• Alex Yarza Navarro

Blockchain and the Food Industry


Are you someone that cares about where your food comes from? Does it frustrate you that not everything is labeled correctly and that the resources that make up your meals are almost untraceable? An emerging technology can help solve those issues. Now blockchain isn’t completely new - it was first introduced in 2008. Originally only used in the tech world, especially cryptocurrency, blockchain is taking other industries by storm. The advantage of blockchain storage is, that data doesn’t get stored in one body but on different, decentralized nodes. All of the actors, suppliers and customers accessing the supply chain can retrieve all the data, which makes visibility and traceability much easier.
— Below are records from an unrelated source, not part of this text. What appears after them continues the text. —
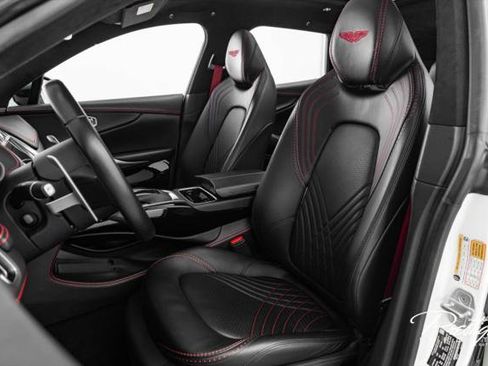 Used 2021 Aston Martin DBX AWD/4WD image 37
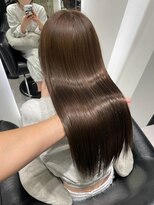 ベール(Vale)&nbsp;髪質再生シンデレラカラー/上品なツヤ感ストレート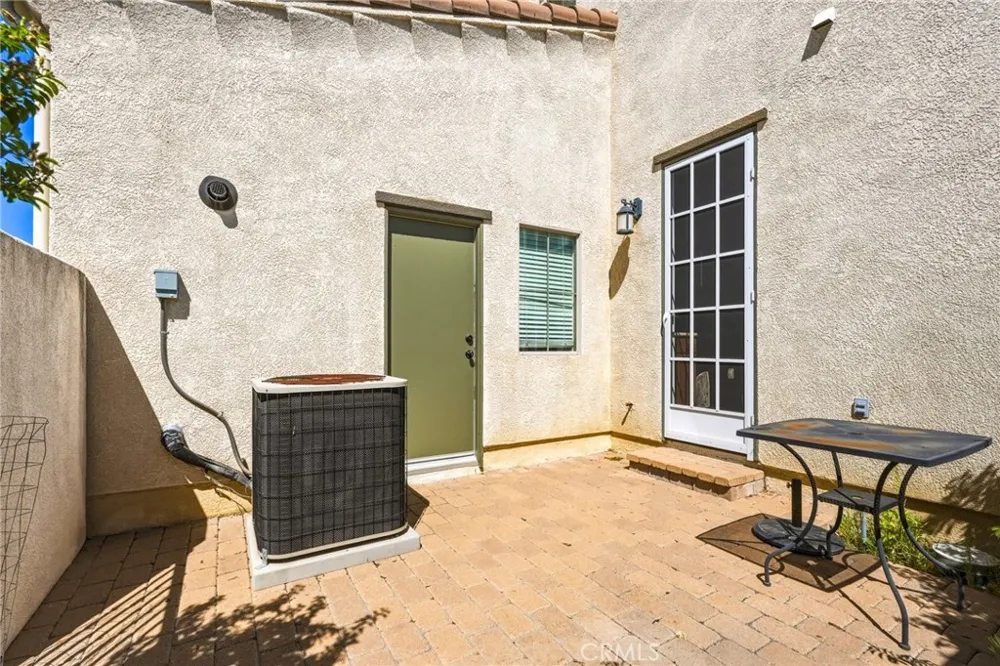 11521 Cararra Lane Northridge, CA 91326
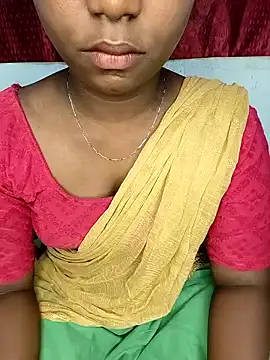 Snapshot of tamilachi4u chatting on 4, 1, 2025 tamilachi4u online show from 4, 1, 2025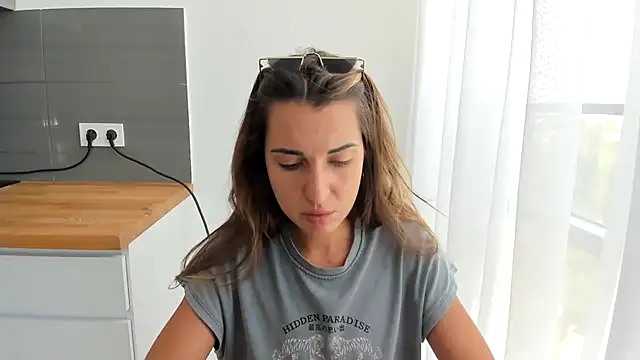 summmmersky1 live cam on StripChat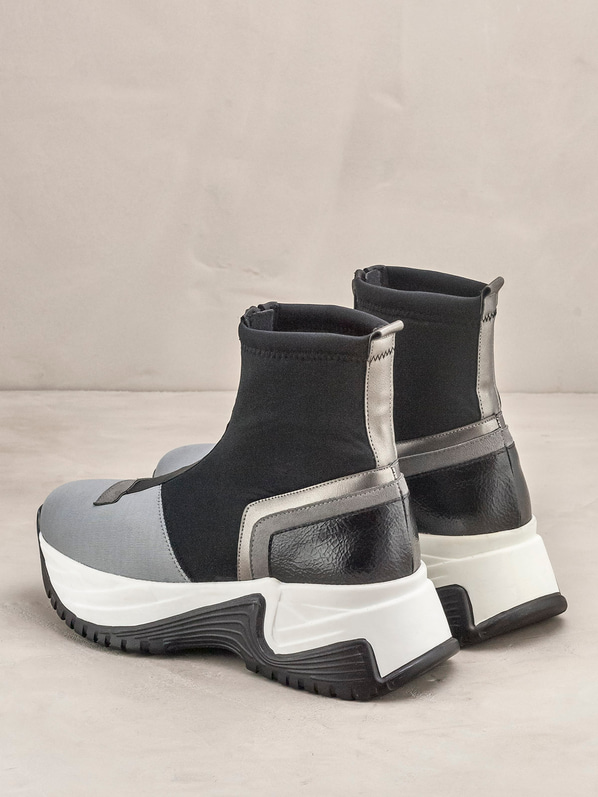 Gri düz kadın bot - Elle Shoes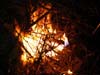 Das Osterfeuer brennt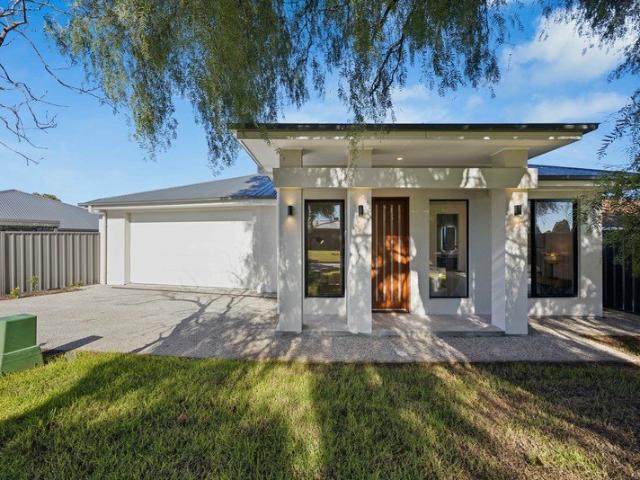 Designer Living Moments from Eva Reserve in Redwood Park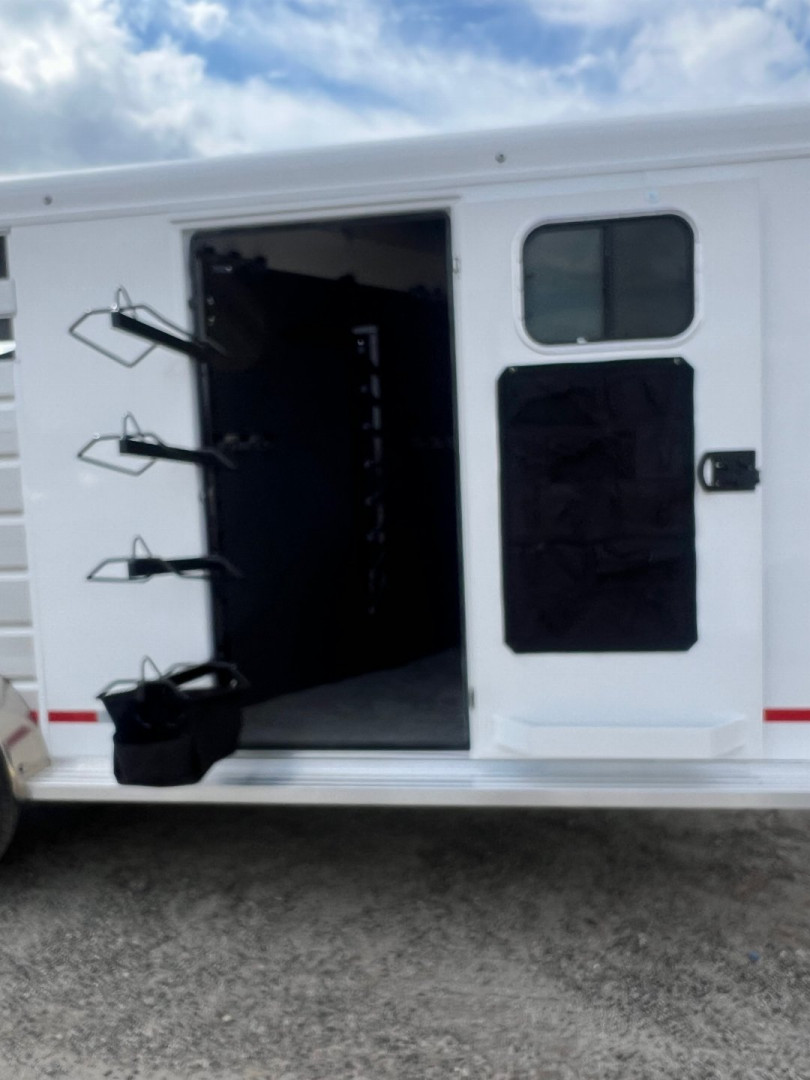 New 2024 TRAILS WEST 3H SANTA FE Horse Trailer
A big part of this are “Distributed ledger technologies” (DLTs) - the technology to replicate, share and synchronize data across several platforms, to ensure data doesn’t get lost. That is all well and good - but how can this technology be used to improve sustainability in the food industry?





How Exactly Can Blockchain Be Implemented in the Food Industry?


These technologies can be useful in a lot of different ways, for example, it can save costs among farmers, suppliers and consumers. As consumers are more conscious of where their food comes from, blockchain can also help heighten the sense of trust. As transparency and traceability is innate to the blockchain system and the IOT (internet of things), it makes it easier for consumers to trace all the resources that go into making their favourite burrito.


The end goal of these kinds of technologies is to improve traceability, which in turn leads to positive impacts on food safety, quality and sustainability. If you can track every step that each resource took on its way to your plate, you can make more educated choices. You can replace products with their qualitatively improved and more sustainable alternatives.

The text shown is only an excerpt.